Ora, alle Finals, Jannik avrà il compito piuttosto complesso di provare a difendere la prima posizione mondiale per chiudere nuovamente l’anno da numero 1 al mondo: impresa resa ardua dall’impossibilità di essere padrone del proprio destino, considerato che basteranno tre sole vittorie ad Alcaraz per riprendersi la testa della classifica dopo appena un paio di settimane di rincorsa.

Tuttavia, non sarà certo l’eventuale scambio di posizioni con Carlitos a togliere il sonno a Sinner, condizione umana nella quale l’altoatesino sembra essere maestro: “Riesco a dormire almeno nove ore al giorno e persino a dormire prima delle partite. Quando mi vedete in campo, sono sveglio da circa 40 minuti”. È più l’ombra che aleggia intorno al futuro di Cahill che lo farà agitare prima del riposo.
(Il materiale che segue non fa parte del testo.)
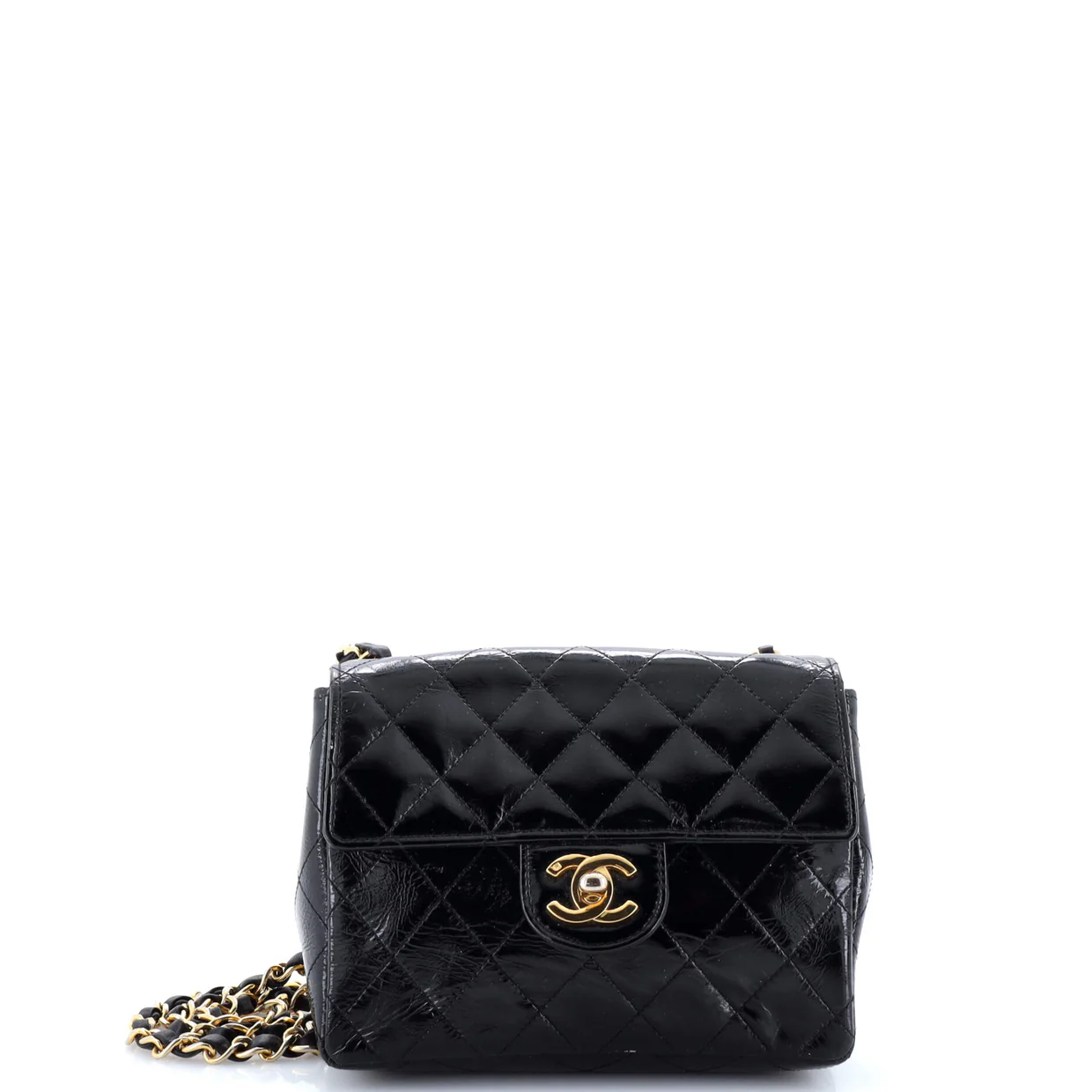 Vintage Square Classic Single Flap Bag Quilted Patent Mini - Deep Luxury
L’australiano, dopo anni a servizio del tennis, pensa di essersi meritato la sua pensione, mentre Jannik e Vagnozzi stanno provando a fargli cambiare idea. Sarebbe per Sinner una perdita dolorosa, più dal punto di vista umano che da quello tennistico.

Perché come diceva Camus, di cui ricorre oggi l’anniversario della nascita: «Non è che uno abbia bisogno di essere amato, ma di essere capito».
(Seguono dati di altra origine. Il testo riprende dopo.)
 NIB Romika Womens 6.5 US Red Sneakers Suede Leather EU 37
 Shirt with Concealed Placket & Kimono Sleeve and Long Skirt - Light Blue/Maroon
Trovare un altro padre putativo come Darren potrebbe essere la prossima sfida di Jannik, forse la più difficile da molto tempo a questa parte. Nel frattempo, per essere fedele alla sua natura e, perché no, per congedarsi dal suo mentore nel miglior modo possibile, non gli resta che puntare all’unica ricetta che questo team ha imparato a conoscere: vincere. In fondo, come dice Jannik: “Quando vinco, condividere è la cosa più bella: la vittoria è un modo per ringraziare chi mi ha aiutato a raggiungerla. Non mi sento mai solo in campo: dietro ogni colpo c’è la mia famiglia e il mio team”.